Exercise: Exactly the lines below, starting with the one containing "7. WHAT DOES" and going on through the one containing "Item preview, My", must be reproduced, both ends included, and no pictures with them.

*** Opening Available data ***

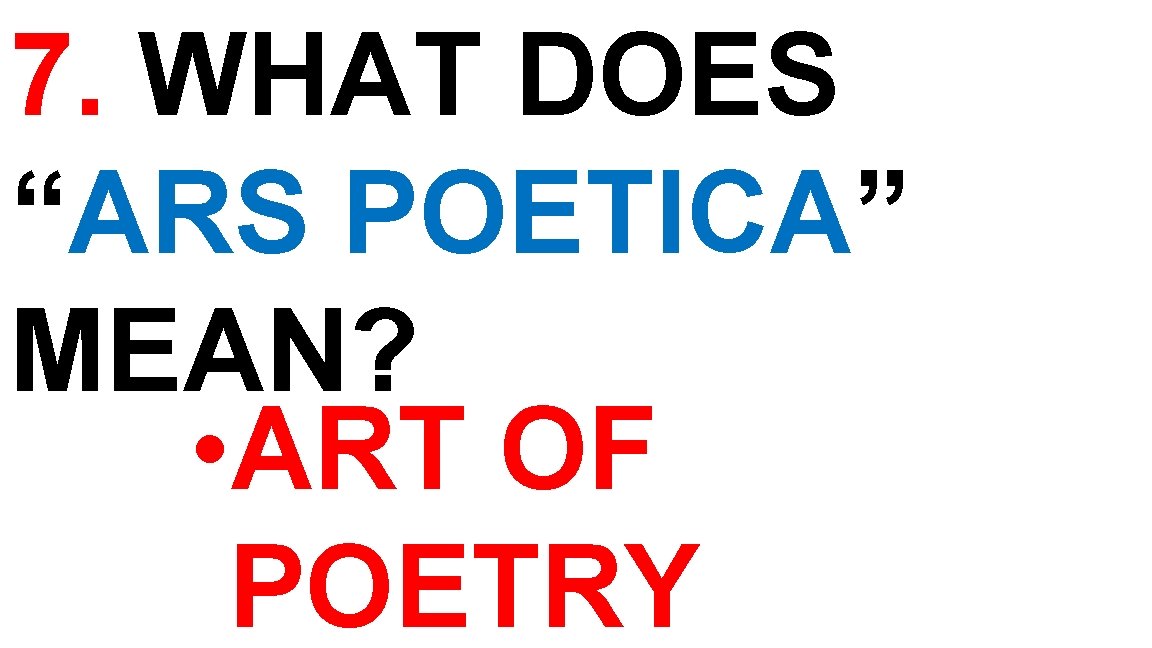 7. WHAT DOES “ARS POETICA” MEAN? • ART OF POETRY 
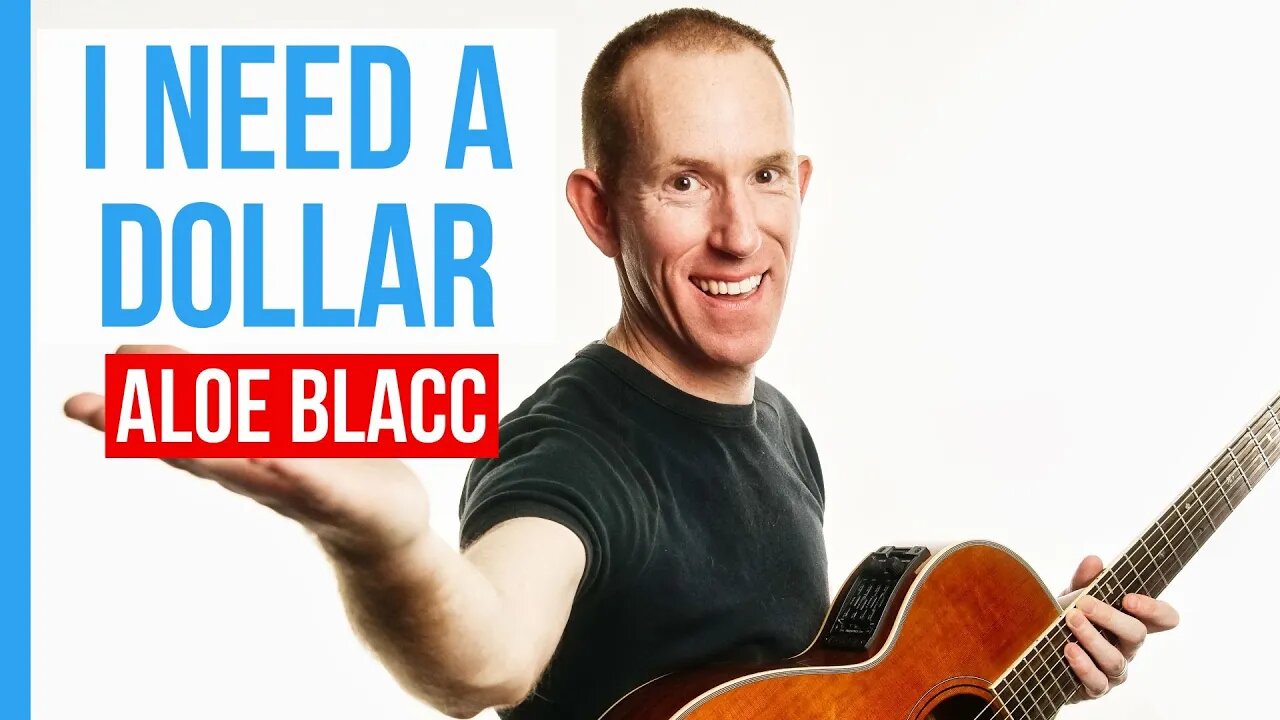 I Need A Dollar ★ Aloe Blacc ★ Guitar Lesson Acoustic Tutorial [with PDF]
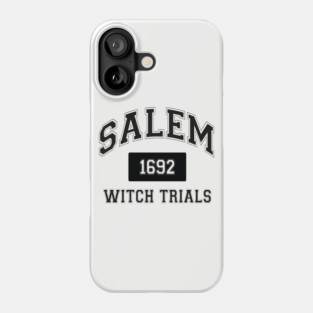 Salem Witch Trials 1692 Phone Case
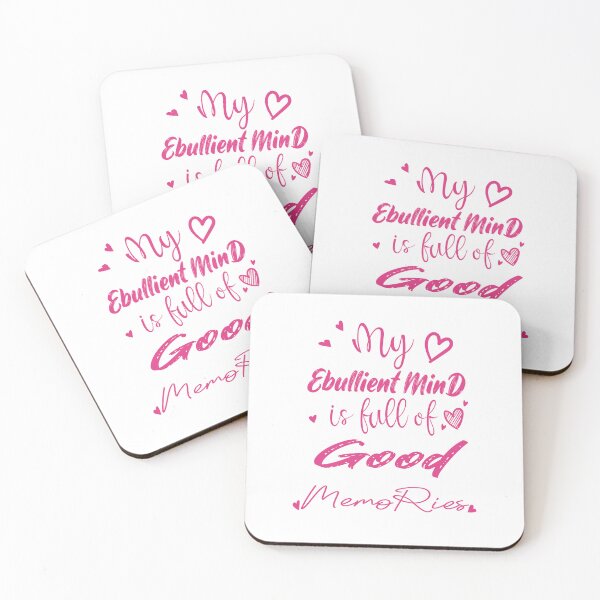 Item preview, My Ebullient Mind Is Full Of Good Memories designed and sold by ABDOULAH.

*** Closing Available data ***
*** Opening Available data ***

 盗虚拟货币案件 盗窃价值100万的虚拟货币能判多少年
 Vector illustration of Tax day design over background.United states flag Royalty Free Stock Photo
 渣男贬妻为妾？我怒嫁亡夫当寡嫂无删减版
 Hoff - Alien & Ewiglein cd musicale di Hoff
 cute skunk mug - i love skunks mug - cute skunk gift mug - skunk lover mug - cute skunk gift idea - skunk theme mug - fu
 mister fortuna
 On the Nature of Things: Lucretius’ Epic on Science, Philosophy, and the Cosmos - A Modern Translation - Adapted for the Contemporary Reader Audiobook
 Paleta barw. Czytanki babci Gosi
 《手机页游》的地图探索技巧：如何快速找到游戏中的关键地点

*** Closing Available data ***

Reply to the task:
 7. WHAT DOES “ARS POETICA” MEAN? • ART OF POETRY 
 I Need A Dollar ★ Aloe Blacc ★ Guitar Lesson Acoustic Tutorial [with PDF]
 Salem Witch Trials 1692 Phone Case
 Item preview, My Ebullient Mind Is Full Of Good Memories designed and sold by ABDOULAH.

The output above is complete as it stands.